Phosphorylated in the C-terminal upon stimulation by nerve growth factor (NGF) and epidermal growth factor (EGF). Phosphorylated, in vitro, by MAPK and RSK1. Phosphorylation on both Ser-362 and Ser-374 by MAPK1/2 and RSK1/2 leads to protein stabilization with phosphorylation on Ser-374 being the major site for protein stabilization on NGF stimulation. Phosphorylation on Ser-362 and Ser-374 primes further phosphorylations on Thr-325 and Thr-331 through promoting docking of MAPK to the DEF domain. Phosphorylation on Thr-232, induced by HA-RAS, activates the transcriptional activity and antagonizes sumoylation. Phosphorylation on Ser-362 by RSK2 in osteoblasts contributes to osteoblast transformation (By similarity).; Constitutively sumoylated with SUMO1, SUMO2 and SUMO3. Desumoylated by SENP2. Sumoylation requires heterodimerization with JUN and is enhanced by mitogen stimulation. Sumoylation inhibits the AP-1 transcriptional activity and is, itself, inhibited by Ras-activated phosphorylation on Thr-232.; In quiescent cells, the small amount of FOS present is phosphorylated at Tyr-10 and Tyr-30 by SRC. This Tyr-phosphorylated form is cytosolic. In growing cells, dephosphorylated by PTPN2. Dephosphorylation leads to the association with endoplasmic reticulum membranes and activation of phospholipid synthesis.

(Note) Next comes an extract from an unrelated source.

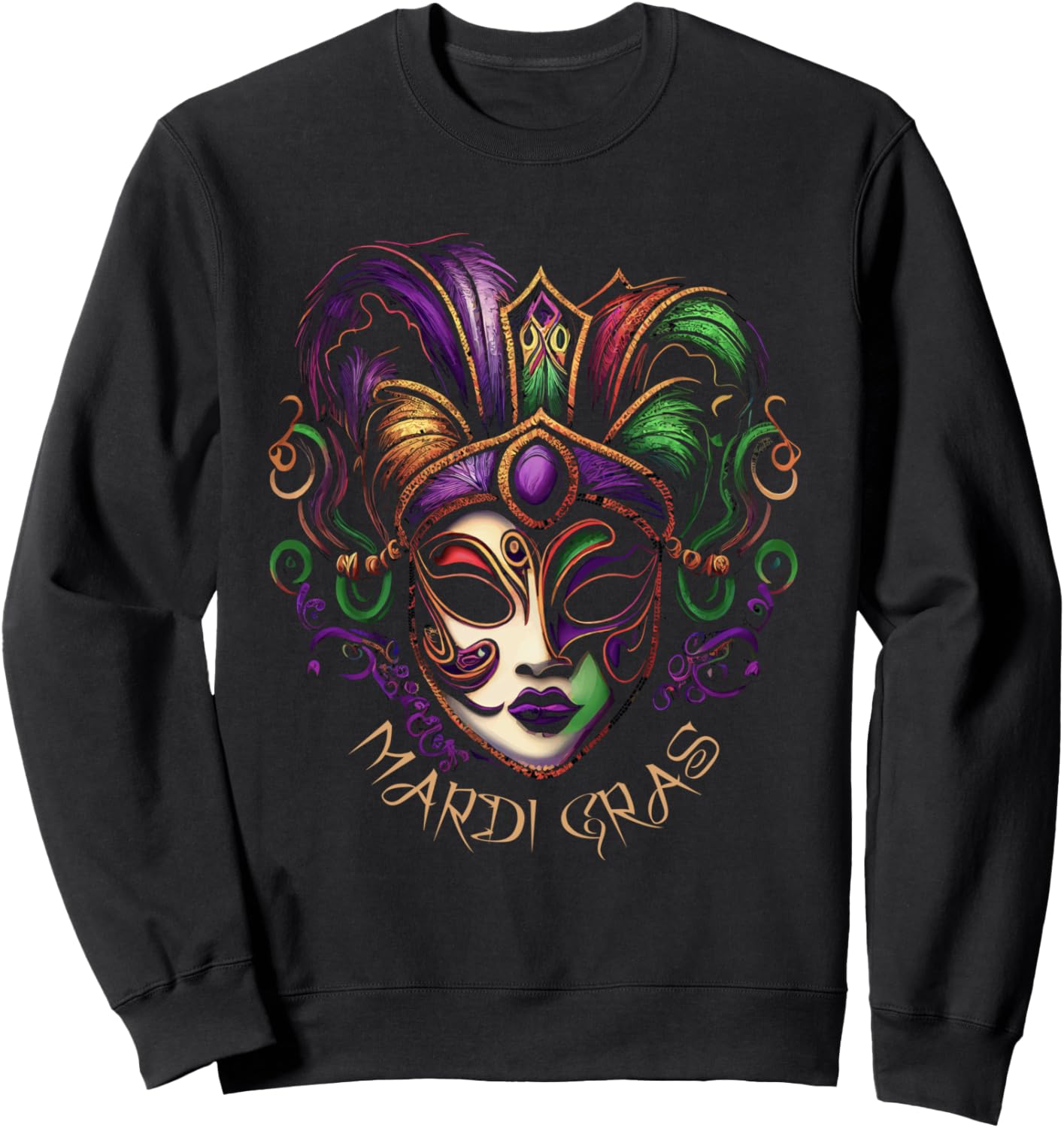 Mardi Gras Mask Sweatshirt - Vintage Style!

Nucleus, Endoplasmic reticulum, Cytoplasm.
The c-Fos oncogene was initially detected in two independent murine osteosarcoma virus isolates and an avian nephroblastoma virus. The cellular homolog, c-Fos, encodes a nuclear phospho-protein that is rapidly and transiently induced by a variety of agents and functions as a transcriptional regulator for several genes. In contrast to c-Jun proteins, which form homo- and heterodimers which bind to specific DNA response elements, c-Fos proteins are only active as heterodimers with members of the Jun gene family. Functional homologs of c-Fos include the Fra-1, Fra-2 and Fos B genes. In addition, selected ATF/CREB family members can form leucine zipper dimers with Fos and Jun. Different dimers exhibit differential specificity and affinity for AP-1 and CRE sites.